▸ SUPPLIED DATA
--- START ---

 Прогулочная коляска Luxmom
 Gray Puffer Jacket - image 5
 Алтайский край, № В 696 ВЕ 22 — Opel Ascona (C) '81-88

--- END ---

▸ EXERCISE PROMPT
Write out each line of the data above again, exactly as given.

▸ SOLUTION TO THIS TASK
 Прогулочная коляска Luxmom
 Gray Puffer Jacket - image 5
 Алтайский край, № В 696 ВЕ 22 — Opel Ascona (C) '81-88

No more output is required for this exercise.